Other requirements for the High Progress School of Honor include earning an A or B on the overall (all students) value-added measure on the 2019 state report card; earning an A, B or C on the gap closing component; and meeting certain proficiency rates of 80 and 90 percent with certain student subgroups.
Riverside Elementary earned B’s in both the overall value-added measure and in gap closing. In addition, the school building received an A in its value-added component for students in the lowest 20 percent of achievement.
Also Tuesday evening, members and administrators recognized retiring Board Vice President Robert Bender at his last meeting following his eight years of service.

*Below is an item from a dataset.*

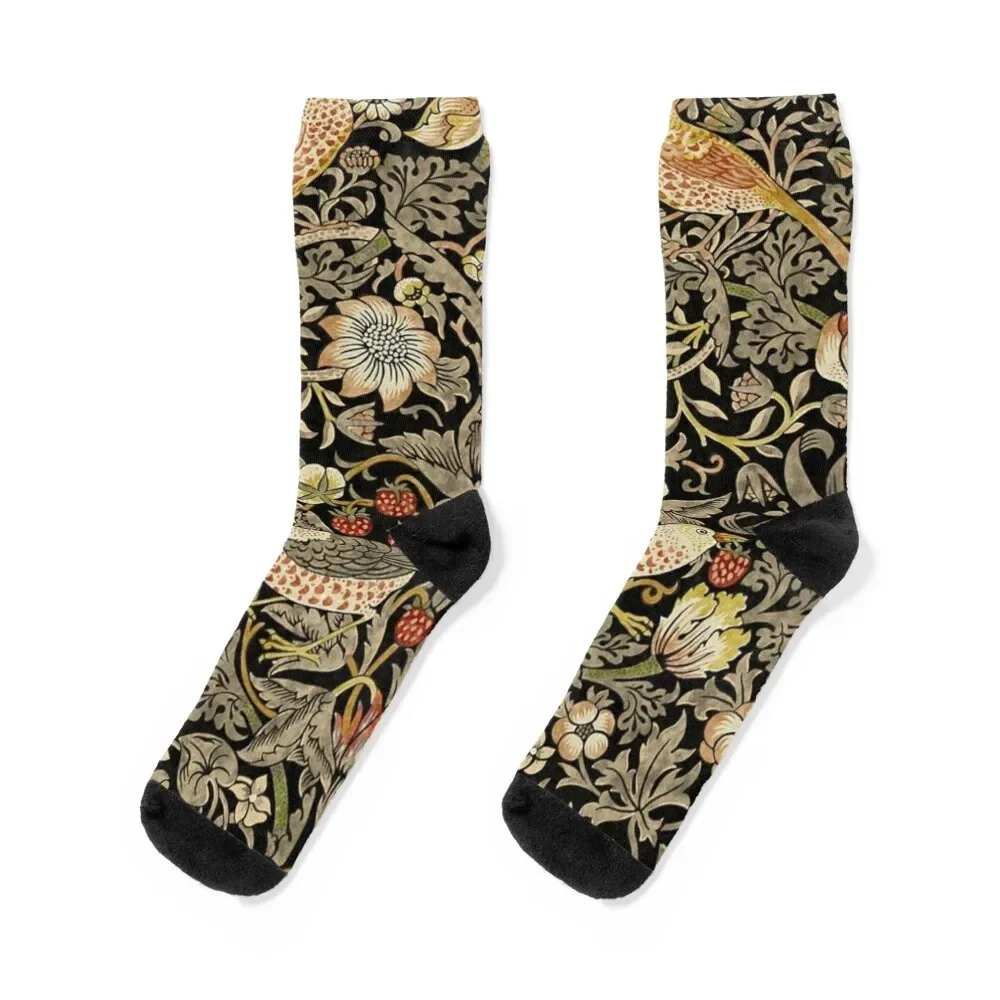 

William Morris- strawberry thief design Socks winter gifts anti slip football Heating sock Girl'S Socks Men's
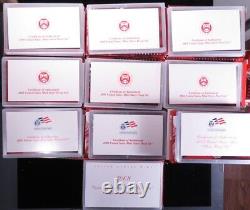 1999-2008 Silver Proof Set Lot -OGP, COA's OTQ1094/REH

“Thank you for the time and effort that you’ve put into this position,” Mann said to Bender during a presentation of a clock from the district. “You’ve grown so much as a board member during the last eight years. We really appreciate the amount of time and energy you have invested into our school.”
Bender said,” it’s been a great eight years and my life has been dramatically changed through this position.” He related that he had served as Parent-Teacher Organization president before joining the board of education.
“At that time, I ran (for the board of education) on the premise that the school was failing, with both financial troubles and academic issues” he said. “We had borrowed $400,000 to make payroll and were on a threat of fiscal watch.
“Little did I know that we had the people in place here to turn this school around to where we are today.”
He said in recent years, “we saw God putting difference pieces in place to help our school. God has been faithful to us.”
President Dr. Bradley Adams thanked Bender for his “leadership and friendship.”
New member Blaine Dixon will replace Bender, effective Jan. 1.
In other action, the board approved joining the National Cooperative Purchasing Alliance and the 2020-21 high school course catalog.
Members appointed Adams as president pro-tempore for the 2020 organizational meeting, slated for 6 p.m. Tuesday, Jan. 7, at the school library, followed by the regular monthly meeting.